Hoje, dia 23 de novembro, pelas 16h15, a Câmara Municipal de Coimbra (CMC) anunciou o Plano Municipal de Plantações 2024/25, no âmbito das comemorações do Dia da Floresta Autóctone. A apresentação, que decorreu no Miradouro da Quinta da Fonte, contou com a presença do presidente da autarquia, José Manuel Silva, do vereador com o pelouro dos Espaços Verdes e Jardins, Francisco Queirós, e do presidente da Junta de Freguesia de Santo António dos Olivais, José Francisco Rodeiro.

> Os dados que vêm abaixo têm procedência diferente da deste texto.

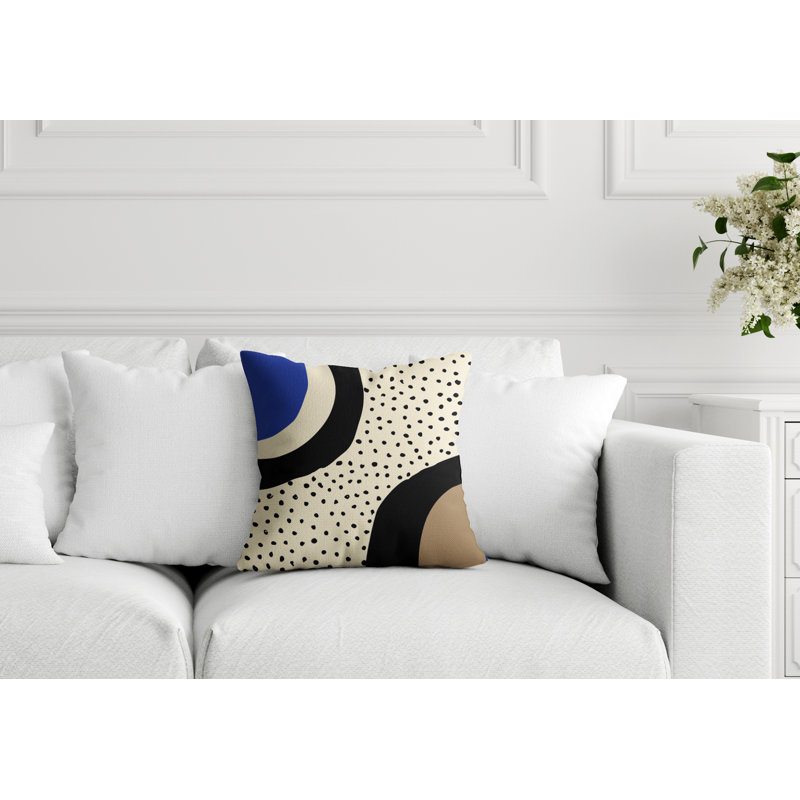 Coussin décoratif intérieur / extérieur en polyester filé Jira, 19 po x 19 po, Bleu marine / blanc cassé / beige / noir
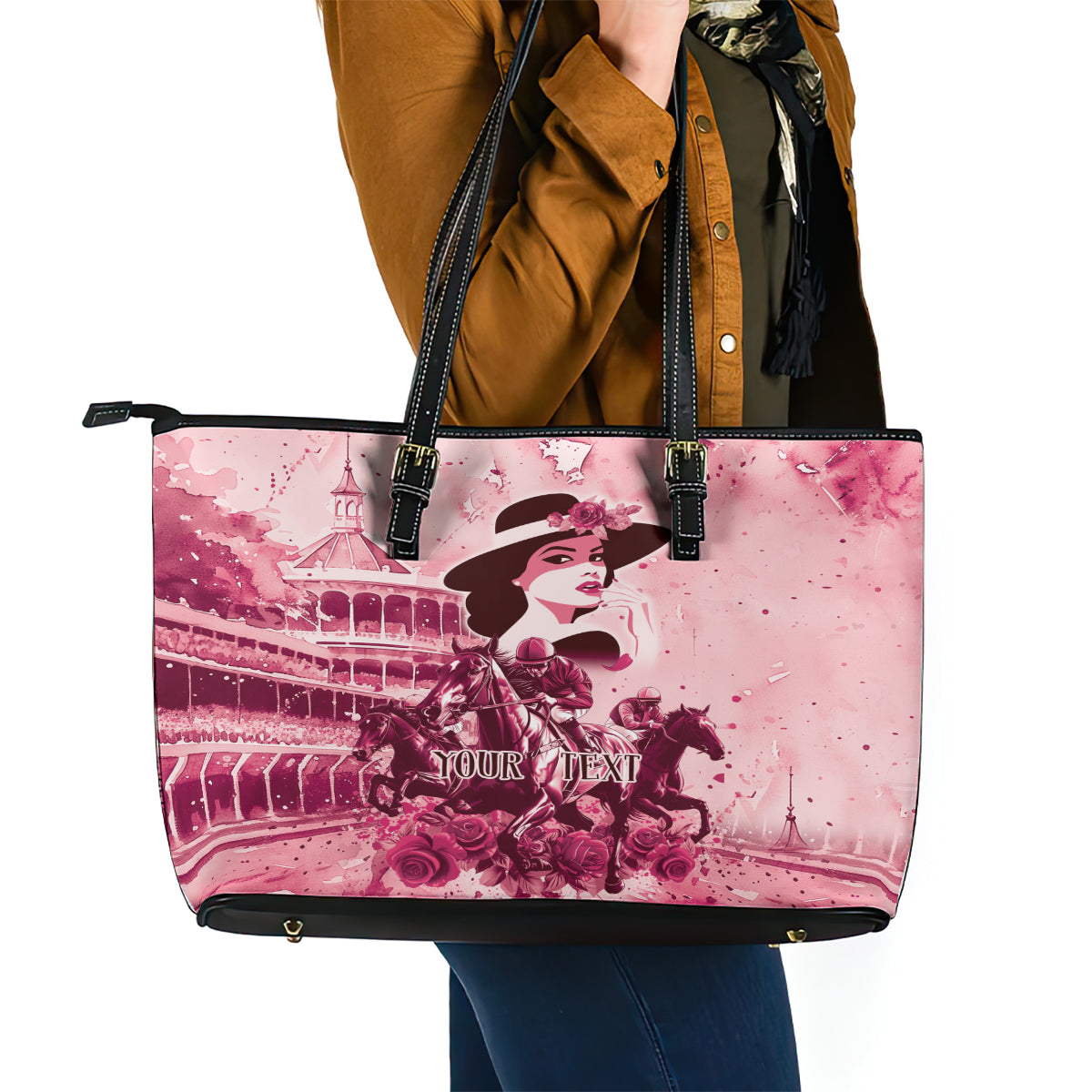 Personalized Kentucky Ladies Leather Tote Bag The Run For The Roses Derby - Pink Out LT9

O plano apresentado prevê a plantação total de 2540 exemplares arbóreos e 2077 arbustos e subarbustos ao longo de 2024 e 2025, dos quais a CMC vai financiar 1978. Além do foco no aumento do espaço verde na área urbana de Coimbra, a iniciativa tem um conjunto de ações com vista a melhorar a gestão e manutenção do espaço público. Os discursos do presidente da Câmara e do vereador estabelecem como objetivos mitigar os efeitos das alterações climáticas e potencializar a qualidade de vida da comunidade.

A iniciativa destaca como preocupação acabar com as caldeiras vazias ao longo da cidade. Acabar o mandato com “todas as caldeiras em condições com árvores, com o devido orçamento e estudo técnico, e a preocupação com o meio ambiente” são os principais desafios para José Manuel Silva. Ao todo são 1094 caldeiras vazias pela cidade. Eliminam-se nesta contagem as caldeiras que fogem às novas legislações no ramo da acessibilidade das ruas, onde a plantação das árvores se refletiu num risco previamente analisado.

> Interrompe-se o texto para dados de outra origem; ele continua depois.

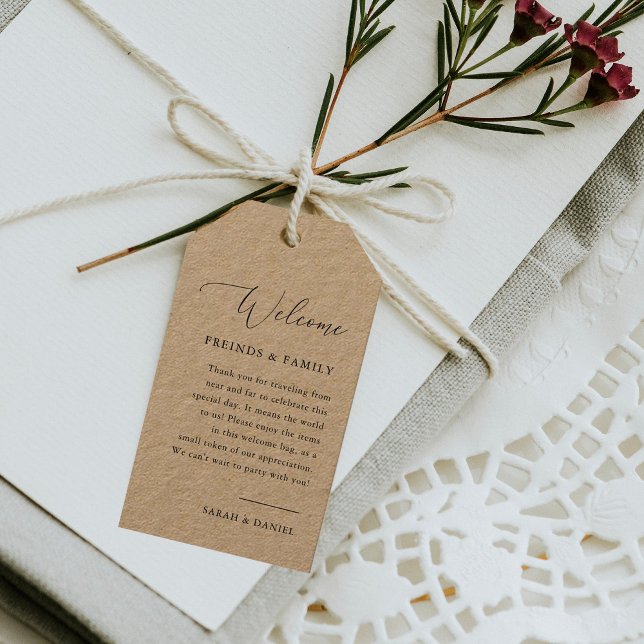 Elegant Calligraphy Bröllop Kraft VälkomsttagarMär Presentetikett (Skapare uppladdad)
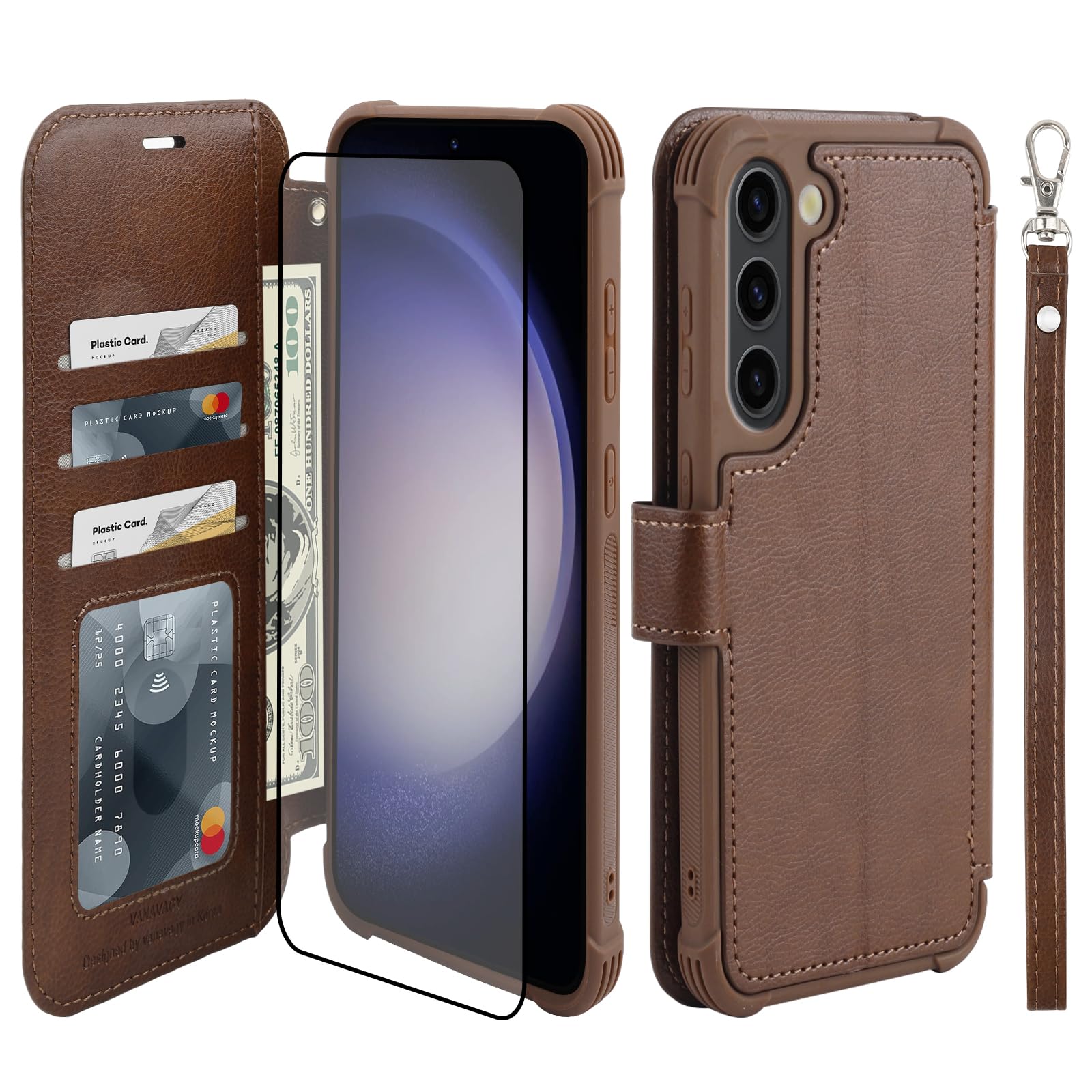 VANAVAGY Compatible for Galaxy S23 Wallet Case, 12ft Drop Protection, RFID Blocking PU Leather Flip Cover, Card Holder & Kickstand, Shockproof Phone Case for S23-6.1 Inch，Brown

O novo planeamento surge em meio da contestação popular ao abatimento arbóreo na cidade, como é exemplo o movimento “Eu também”, responsável pela iniciativa “Quero ser uma árvore”. Francisco Queirós interpela este contexto com a distinção entre as questões no âmbito das obras do Metro Mondego e projetos que envolvem o departamento do espaço público. “Não se procedeu ao abate de qualquer árvore doente”, esclarece o vereador. Todas as árvores abatidas passaram por análise e foram consideradas uma ameaça à flora regional ou representavam perigo de queda, explica. Além disso, a cada ponto verde eliminado outros três serão restituídos com a devida organização, termina.

Hoje já foram plantadas 200 árvores, incluindo duas sementeiras de bolotas em escolas do concelho. A sensibilização pedagógica é realçada pelo vereador Francisco Queirós. Aponta a importância de um plano que passe por todos. Espera que seja de conhecimento geral “que a Terra é só uma e não há plano B, sendo importante a colaboração de toda a comunidade”.

As árvores que vão ser plantadas foram escolhidas tendo em conta a sua funcionalidade no ecossistema regional. Vão ser semeadas espécies provenientes da região centro, tendo em conta o enquadramento fitossociológico, como o Carvalho-cerquinho. Todo o processo pode ser acompanhado a partir do momento da plantação através do ‘site’ da CMC, onde cada árvore da esfera pública é identificada. Francisco Queirós finaliza que, “tendo em conta o panorama burocrático e o ritmo da natureza atuais, é agora que se planta para que os resultados sejam concretizados em novembro de 2025”.